By Nathanael L. Holley

Sometimes, I have moments when I really want to get a COVID-19 vaccine. I say to myself, Nate, this is science, if you want to be a part of the solution and not the problem, you need to do this. Then there are other moments when I see CEOs and other corporate and government representatives speaking on the news, and I think, there’s no way I’m going to trust these people or anything they have to say about my health and wellbeing. I’ve spent my entire professional career working in healthcare communication and education, and yet this is the struggle I face internally when considering what to believe about the pandemic. At the end of the day, it comes down to trust—who has earned it, who has lost it. And this applies to multiple entities (government agencies, pharmaceutical corporations, hospitals and universities). The American healthcare system is by far the most expensive, complex, and hardest to navigate of any other healthcare system in the ‘Western world’, with very few exceptions. I’m writing this to help heal myself actually. I need to know that I’m not falling prey to some fringe, irrational, cultural idiosyncrasy. This is how I’m going to break this down.

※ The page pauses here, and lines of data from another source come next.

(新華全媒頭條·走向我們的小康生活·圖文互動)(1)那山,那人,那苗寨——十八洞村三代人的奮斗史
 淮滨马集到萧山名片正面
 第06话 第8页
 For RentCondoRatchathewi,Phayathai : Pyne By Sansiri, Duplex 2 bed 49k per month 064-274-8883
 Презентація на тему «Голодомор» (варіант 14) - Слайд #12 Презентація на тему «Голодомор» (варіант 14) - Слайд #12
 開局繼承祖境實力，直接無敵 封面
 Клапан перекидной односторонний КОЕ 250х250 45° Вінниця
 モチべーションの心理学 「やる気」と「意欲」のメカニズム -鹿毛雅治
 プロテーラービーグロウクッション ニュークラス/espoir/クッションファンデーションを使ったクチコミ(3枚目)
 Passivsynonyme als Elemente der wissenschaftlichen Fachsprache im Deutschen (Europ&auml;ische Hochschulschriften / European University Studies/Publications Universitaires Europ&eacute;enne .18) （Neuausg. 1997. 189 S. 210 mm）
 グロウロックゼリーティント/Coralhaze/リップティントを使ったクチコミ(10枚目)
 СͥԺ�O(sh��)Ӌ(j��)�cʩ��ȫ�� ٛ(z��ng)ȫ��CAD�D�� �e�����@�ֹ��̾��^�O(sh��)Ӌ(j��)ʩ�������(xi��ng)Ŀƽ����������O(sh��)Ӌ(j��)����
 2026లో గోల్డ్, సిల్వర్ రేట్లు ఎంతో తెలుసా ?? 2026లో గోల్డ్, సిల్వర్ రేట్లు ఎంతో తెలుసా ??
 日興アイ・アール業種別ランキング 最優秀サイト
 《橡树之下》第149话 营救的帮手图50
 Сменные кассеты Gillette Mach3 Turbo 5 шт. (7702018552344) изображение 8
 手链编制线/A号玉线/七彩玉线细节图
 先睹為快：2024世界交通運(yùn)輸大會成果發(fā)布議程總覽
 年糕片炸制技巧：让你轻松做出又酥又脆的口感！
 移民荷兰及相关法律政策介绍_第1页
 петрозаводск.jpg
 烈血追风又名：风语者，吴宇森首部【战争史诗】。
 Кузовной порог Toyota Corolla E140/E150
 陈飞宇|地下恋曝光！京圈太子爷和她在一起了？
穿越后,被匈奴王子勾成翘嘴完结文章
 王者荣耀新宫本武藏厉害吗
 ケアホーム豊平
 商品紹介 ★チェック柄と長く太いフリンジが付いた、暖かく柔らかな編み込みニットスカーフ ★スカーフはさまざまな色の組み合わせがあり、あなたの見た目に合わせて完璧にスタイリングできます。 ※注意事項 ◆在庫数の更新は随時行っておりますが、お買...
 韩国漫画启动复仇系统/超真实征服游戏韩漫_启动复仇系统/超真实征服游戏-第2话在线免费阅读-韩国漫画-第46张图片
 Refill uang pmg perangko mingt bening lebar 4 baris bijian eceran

Potential reasons for distrust include:

(1) Healthcare providers, regardless of their profession and ethics, have historically been motivated by profit due to financial incentives from insurance companies, pharmaceutical companies, hospital administration/hospital chains, etc. This causes a conflict of interest for patients who are already at risk of being lost in a healthcare system that is not overly fond of people with meager means.(2) Conflicts of interest are more apparent in the pharmaceutical industry because corporations lobby unabashedly and often exert direct influence over legislators and the public policy that they support or manage.

The history of healthcare discrimination in the US, simply cannot be ignored and neither can the more subtle disparities that have taken seed in the huge corporate mechanisms that manage and provide healthcare in the US. From insurance companies to the private practice down the street, medicine has now been inexorably linked to money. And anyone who has been paying attention knows that being poor or even just ‘perceived’ as having a low income (and thusly not a priority) anywhere on the planet puts you at risk of being underserved if not left out altogether. 

This is the state of things. And this is why I’m still leery of the COVID-19 vaccine, even though the logical, rational part of my brain knows that it has to happen. In order to give myself even more of a pep talk about this subject, I decided to call a healthcare provider that I trusted and interview them on the subject. Her name is Calandra Bobbett and she’s a nurse. I interviewed her on my humble, yet very enthusiastically crafted, podcast, Knoemoore Art. It’s still up and you can listen to the whole exchange if you’d like, but here is the general gist of what she said. 

She told me that her nursing school actually taught a lot about the history of bad practices in the US and countered that nastiness by instructing people to listen to their patients’ concerns, cultural beliefs, and personal histories. If a patient comes in and says they are a Jehovah’s Witness, the nurses know not to give them blood transfusions. They always offer up all the appropriate medical options and encourage patients to seriously consider their situation, but they never argue or try to coerce people into doing something that goes against their beliefs or just makes them uncomfortable. The choice is still the patient’s, and the will of the institution does not override that choice. In the end of the conversation, she gave me, and whoever else wants to listen, an incredibly wise and simple tip. Go to a doctor that knows you. Go to a small practice where you can regularly spend some time with the staff and get a full checkup done so that they know all your baseline measurements, values, etc. After a few visits, they will know what normal looks like for you and you can begin to build a real connection with them and their advice because you will know that they are looking at you as a real human being and an individual. I think that’s what most people of color want anyways when it comes to healthcare services. They want humanity. They want to be believed and they want the basic respect that should come with being a human. Nothing more, and nothing less. 

CALANDRA BOBBETT.

But I think it will take time to get to that place for me. I just moved to a new city and I haven’t found a primary care provider yet. After my interview with Calandra, I built up the courage and ventured out of the house to get that shot, my first vaccine shot anyways. I still have one more to go. It’s that type of ‘baby steps’ engagement that will turn the tide for people of color. We need more people of color to become physicians, nurses, administrators, etc., We need more people of color to be recruited for clinical trials and more research dedicated to African American physiology. We must create space for more of the good interactions and much less of the bad ones and things will have to change. At least that’s my opinion, but feel free to go out and get a second one.